Maine’s mental health system needs an intentional and concrete reform plan built upon a belief in recovery and the principle of providing the right level of care at the right time to each person. Our current system is failing, as evidenced by the increased rates of individuals with mental illness being served at Long Creek Youth Development Center, county jails and the state prison system.

Recent media reports have focused on the loss of $20 million of federal funding because of regulation violations at Riverview Psychiatric Center, the creation of a mental health stabilization unit at Warren State Prison, emergency room holds that far exceed the permitted 24-hour time limit, and the threat level to staff at Riverview.

While there have been countless attempts to a Band-Aid approach at system reform, people living with mental illness deserve a comprehensive system redesign. Not only is fixing the system the right thing to do, it is also a fiscal necessity. In this time of limited resources, we must be smarter about the types of services that are funded and ensure measurable accountability for those who are compensated to promote recovery.

None of the current challenges to the mental health system exists independently from the other components of the system. The mental health system from early intervention of young children through institutionalization is one multi-faceted, interdependent and complicated system.

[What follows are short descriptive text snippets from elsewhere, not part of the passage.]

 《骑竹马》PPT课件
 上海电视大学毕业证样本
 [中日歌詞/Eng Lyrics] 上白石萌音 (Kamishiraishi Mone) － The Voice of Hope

A shortage of inpatient beds affects emergency room hold times. A shortage of transitional living programs forces individuals to stay hospitalized far longer than necessary.

What we all want and need is a system that is flexible enough to provide individualized care that addresses each person’s need with the appropriate level of service, not simply the level of service that we have available.

Individuals with mental illness need supportive communities. Recent public dialogue has focused on safety and security rather than treatment and recovery. Each of us knows someone who is living with mental illness, and we don’t even know it. What we collectively need to examine is how we help people to understand, treat and manage their unique health issues.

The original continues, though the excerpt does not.